Hannah Arendt seguì il processo a Eichmann a Gerusalemme per conto del New Yorker,con l'intento di analizzare il male, ma rimase colpita dalla insignificanza e dalla mediocrità del criminale nazista,dalla sua "assenza di pensiero",evidenziando come Eichmann non fosse un mostro,ma un burocrate zelante,incapace di capire la portata delle proprie azioni e le conseguenze,un "suddito ideale" del totalitarismo, un fenomeno che si manifesta nell'incapacità di distinguere vero e falso,mettendo in luce così,l'importanza del pensiero critico come antidoto.
Hannah Arendt,infatti,con la sua tesi sulla "banalità del male",ha mostrato come il male possa nascere non solo da intenzioni malevoli, ma anche da un totale disinteresse per le conseguenze delle proprie azioni.La sua analisi del processo Eichmann e l’esperimento di Milgram, continuano a influenzare il nostro modo di pensare sulla responsabilità individuale,l’autorità e le azioni compiute in nome dell’obbedienza.
Ci furono molte polemiche sulla concezione della "banalità del male" della Arendt,a partire dallo stesso mondo ebraico,nel quale si riteneva che il fenomeno del nazismo era stato sottovalutato dall’autrice.In realtà ciò che Arendt cercava di sostenere era che i crimini compiuti dai nazisti non derivavano tanto dalla loro cattiveria d’animo quanto piuttosto dal fatto che fossero stati privati,nel tempo,della propria autonomia di pensiero.I nazisti sono delle banalissime persone, inserite in un meccanismo che li ha privati della propria individualità ma soprattutto della propria capacità di pensiero, spogliandoli del loro stesso essere uomini.Il messaggio finale dell’opera, infatti, è che il nazismo non è il male:il vero male sta nell’aver portato degli uomini banali a perdere talmente tanto la propria umanità da essere capaci di compiere delle atrocità mai viste prima.
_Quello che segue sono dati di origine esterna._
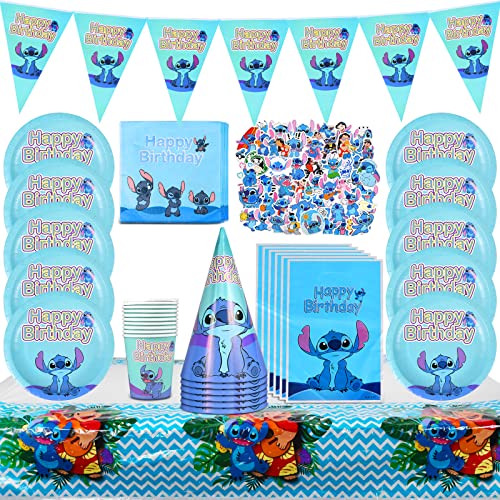 Forhome 108 Unidades de decoración para cumpleaños Infantiles de Lilo Stitch, Accesorios para Fiestas, Platos, Vasos, servilletas, banderines para 10 Invitados Cover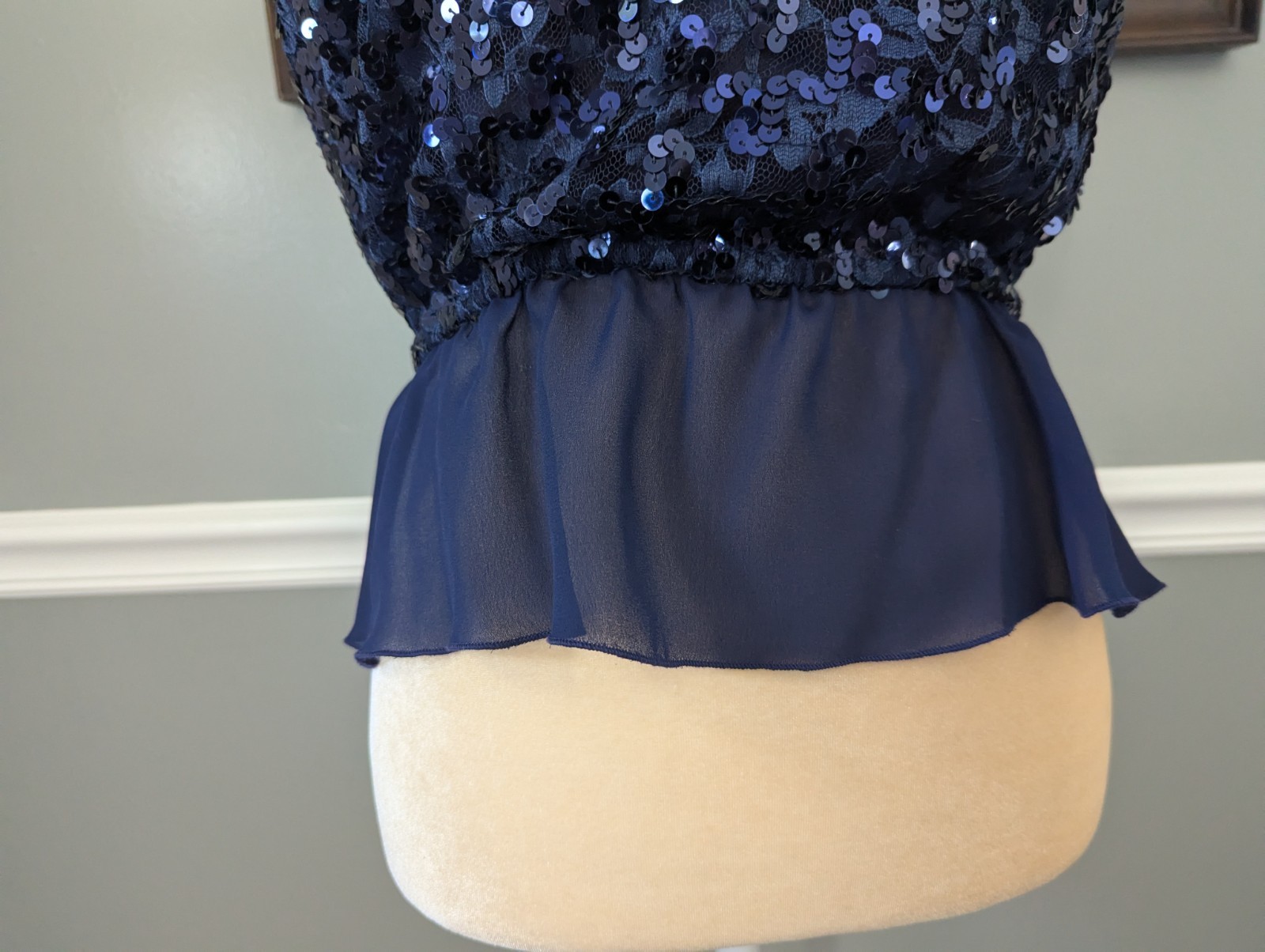 Vintage 70s Frere Jacques Navy Metallic Sequin Glitter Disco Tube Top Strapless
In un'altra sua opera,“La via della mente“,la Arendt prosegue il suo percorso di indagine sulla capacità di pensare e di giudicare.Si tratta di un’indagine sulla natura del pensiero, su come questo incide sulla vita sociale e politica e può guidare l’agire umano.Tesi centrali dell’opera è la distinzione tra sapere e pensare:il sapere,legato alla scienza e alla tecnologia,tende a cercare risposte definitive, mentre il pensare è un’attività che non si risolve in una conclusione definitiva, ma è un processo continuo e critico. Il pensiero è l’attività che ci permette di riflettere sulle nostre azioni, di metterle in discussione, di cercare significati più profondi.E dunque per l'Arendt il pensiero è fondamentale:l’abilità di pensare in modo critico e di giudicare autonomamente è ciò che ci permette di resistere alle ideologie totalitarie e di agire responsabilmente nel mondo.“La via della mente" è, quindi, un testo fondamentale per comprendere il pensiero di Arendt e la sua visione della filosofia come strumento di resistenza contro la banalità del male e l’obbedienza cieca all’autorità.